AgricultureLa situation de la filière du lait de centrale est jugée critique par Prolait. Le Canton annonce sept mesures destinées à doper qualitativement la production.

Signaler une erreur

Vous voulez communiquer un renseignement ou vous avez repéré une erreur ?

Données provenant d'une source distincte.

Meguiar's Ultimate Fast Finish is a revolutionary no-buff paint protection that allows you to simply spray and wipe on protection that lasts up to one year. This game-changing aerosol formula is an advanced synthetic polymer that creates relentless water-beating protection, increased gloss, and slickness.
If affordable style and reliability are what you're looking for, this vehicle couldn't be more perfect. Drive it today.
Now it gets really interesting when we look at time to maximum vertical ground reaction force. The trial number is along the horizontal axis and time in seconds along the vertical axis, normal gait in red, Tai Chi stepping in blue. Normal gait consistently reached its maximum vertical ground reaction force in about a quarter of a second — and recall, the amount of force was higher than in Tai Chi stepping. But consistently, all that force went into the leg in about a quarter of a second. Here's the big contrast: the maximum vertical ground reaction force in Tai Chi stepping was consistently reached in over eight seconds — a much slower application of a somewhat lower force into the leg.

«Dans bien des exploitations vaudoises, c’est encore le grand-père qui trait. Mais quand il arrive à l’âge de 70-75 ans et qu’il se dit que cette fois-ci il ne peut plus, ça provoque souvent un déclic dans l’esprit des agriculteurs. Et une des solutions les plus simples, c’est tout bonnement d’arrêter la production laitière.» Paysan à Puidoux, Nicolas Glauser sait de quoi il cause. À la tête d’un troupeau d’une trentaine de vaches, ce député UDC au Grand Conseil perpétue avec son épouse la tradition familiale malgré tout. «Si on divise le revenu de l’exploitation par les heures qu’on y consacre ma femme et moi, on arrive en dessous des 20 francs de l’heure. Alors allez motiver quelqu’un à ce tarif-là…», reprend-il. Lui, il avance comme argument la passion, celle qui fait que quand on aime on ne compte pas, pour expliquer pourquoi deux fois par jour il trait encore ses 35 bêtes.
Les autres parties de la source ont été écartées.